ValueError: Alphabet cannot encode transcript “course 1 and course 2 mass been different” while processing sample “audio/Train/3770_2.wav”, check that your alphabet contains all characters in the training corpus. Missing characters are: [‘1’, ‘2’].

michalis_p · May 27, 2021, 9:24am

I have the same problem as described from Mohammad “missing characters are []”.
I am following the Playbook and I have put on the alphabet all words that appear on the .csv files (double checked it with check_characters.py.

How to put the “” character on the alphabet?

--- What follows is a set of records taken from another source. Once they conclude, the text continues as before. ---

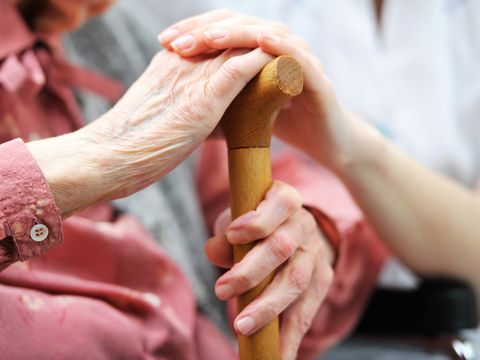 Eine alte Frau hält sitzend einen Gehstock mit der linken Hand umfasst und hat die rechte Hand auf den Griff gelegt. Darüber ist die Hand einer jüngeren Pflegeperson zu sehen.
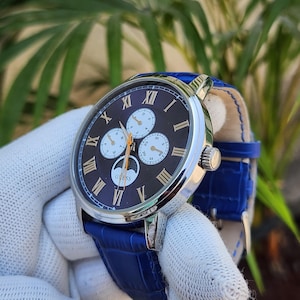 May include: A silver-tone analogue wristwatch with a dark brown dial, gold-coloured Roman numeral hour markers, and three sub-dials. The watch features a moon phase indicator above the 6 o'clock position with the brand name Guess printed in white.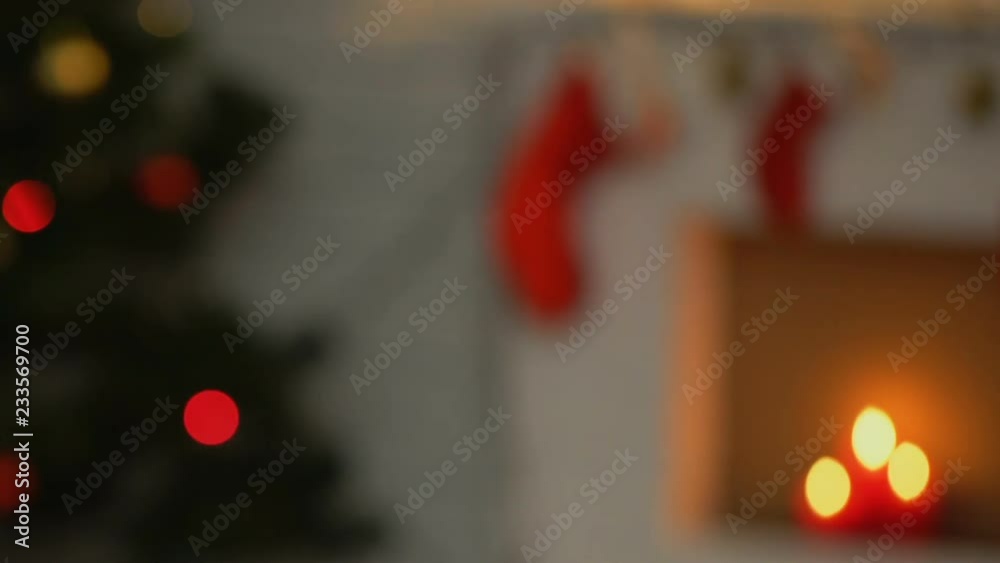 Woman taking Christmas cupcakes to festive table, sweet treats for guests Woman taking Christmas cupcakes to festive table, sweet treats for guests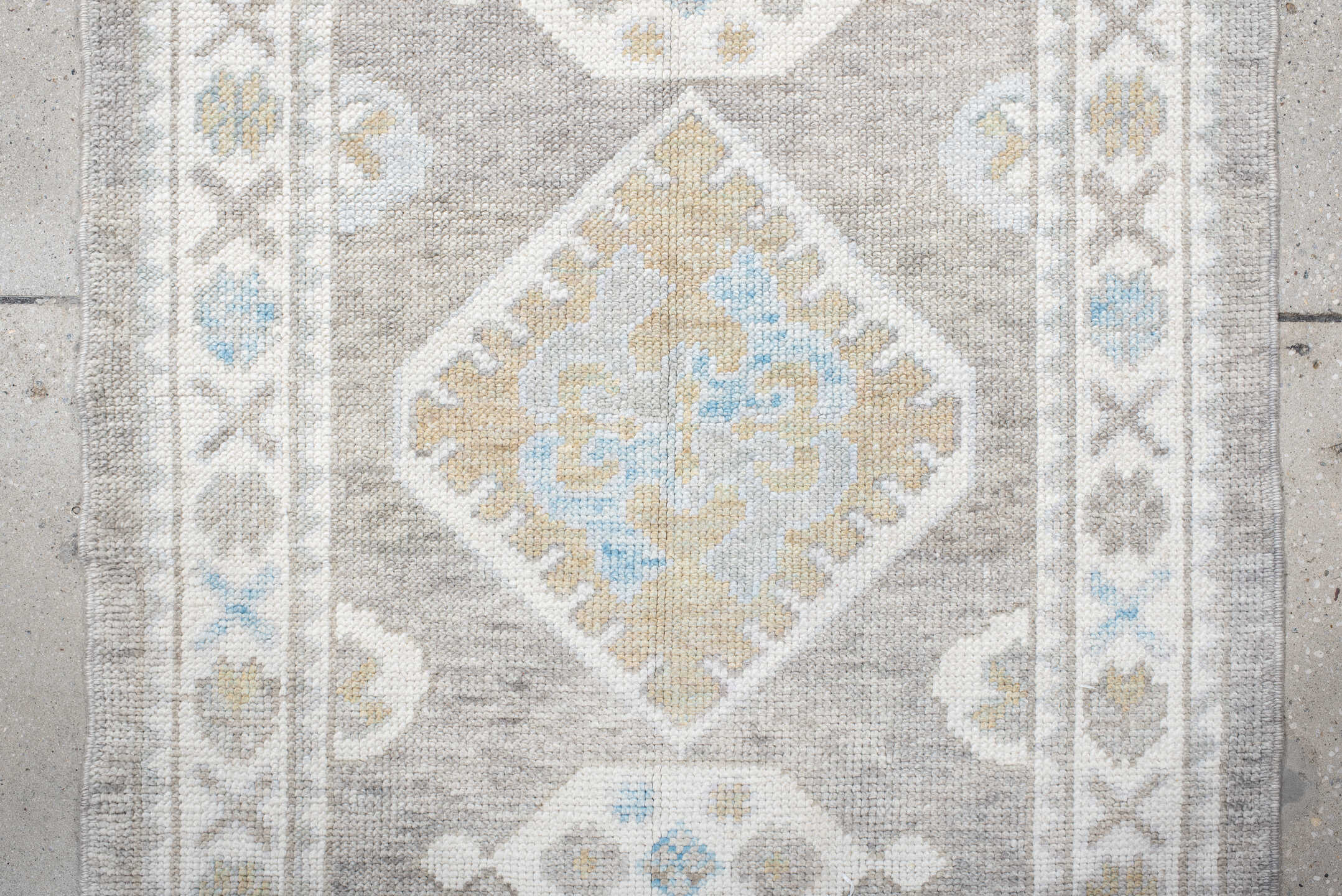 3' x 10' one-of-a-kind handmade vintage runner rug. Color palette: dark gray, gainsboro, gray, light blue, light gray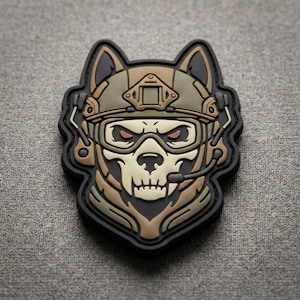 May include: A tactical morale patch featuring a stylized wolf skull wearing a combat helmet with a mounted night vision shroud, protective goggles with red lenses, and a communication headset with a microphone boom, rendered in olive and tan.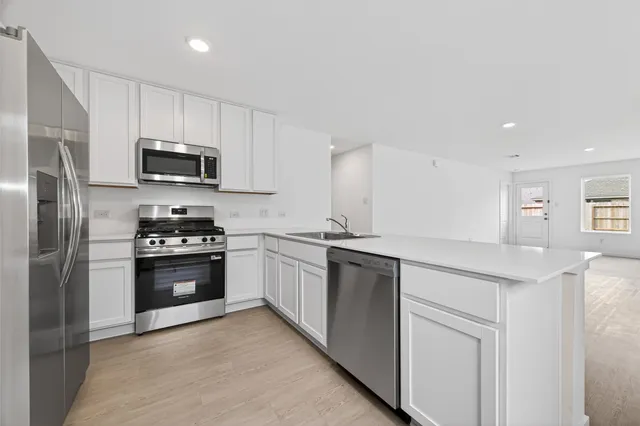 a kitchen with stainless steel appliances granite countertop a refrigerator stove and microwave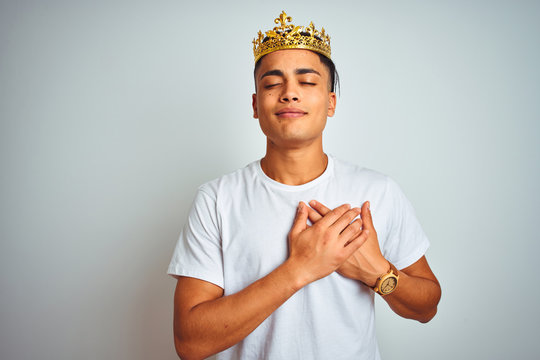 Young brazilian man wearing king crown standing over isolated white background smiling with hands on chest with closed eyes and grateful gesture on face. Health concept.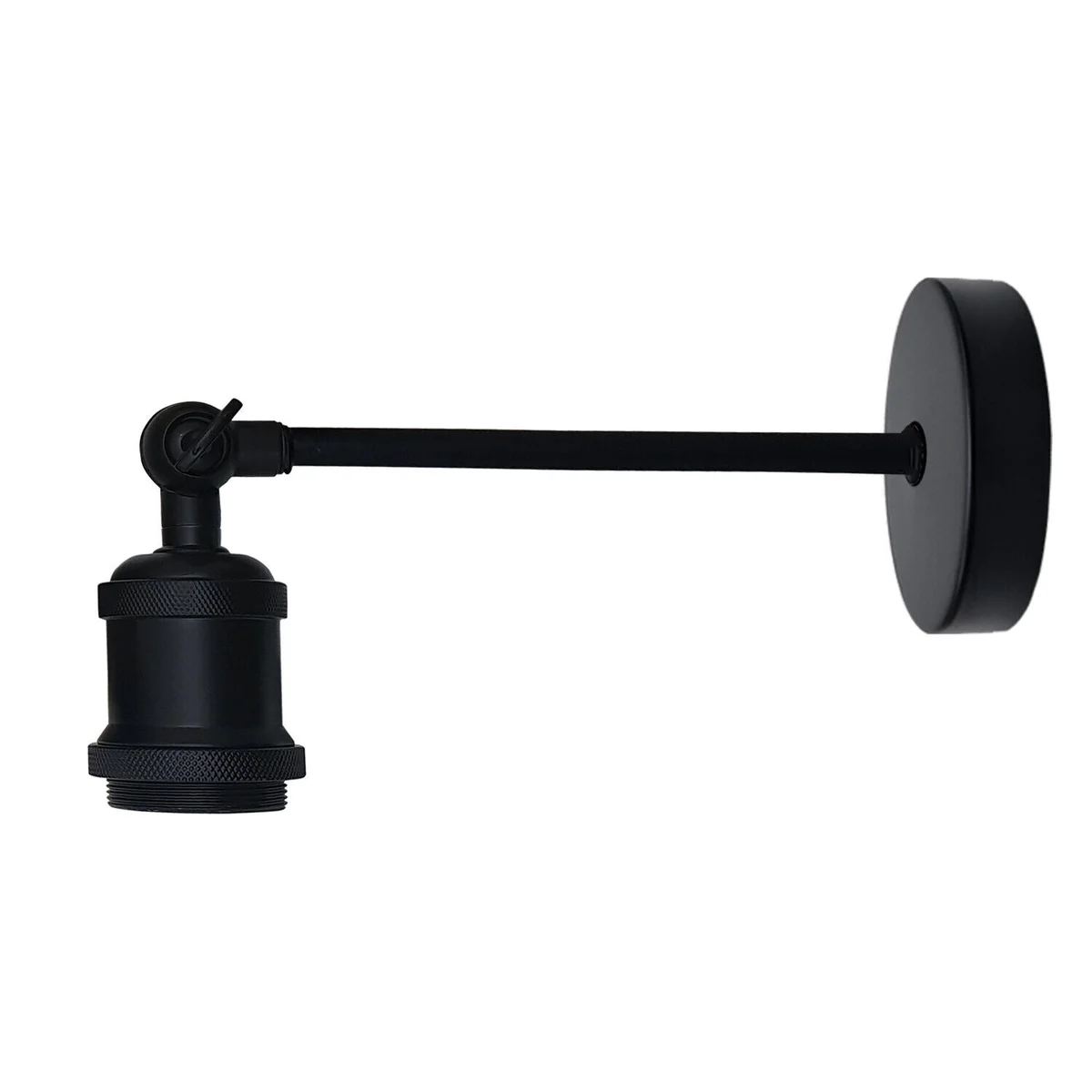 Vintage industrial wall light with adjustable arm, antique brass finish, mounted on a white wall in a living room setting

ftyers · May 28, 2021, 2:38am

Not to advertise, but if you’re using Common Voice data, consider using commonvoice-utils which contains preprocessing code and language data for most of the languages of Common Voice.

michalis_p · May 28, 2021, 6:22am

I am not using common voice, I have my own voice and csv data that I parsed.
I found the source of the problem that I wrote.
The “” character was a wrong entry on the test.csv file that was producing the error. Actually I had the wav source, the length but the string was empty ("") so it couldn’t handle the empty wav string.

ftyers · May 29, 2021, 4:45pm

Great! So you solved it?

michalis_p · May 31, 2021, 9:59am

Yes, it was solved.
But still when using a different scorer the words are not recognized correctly.
While the words that were included on the training pack are being recognized with almost 100% success rate.
So my question now is if we will have to make a new training with the new vocabulary to have a better success rate?

ftyers · June 1, 2021, 6:34pm

The answer is probably yes, e.g. training with in domain data will improve your results.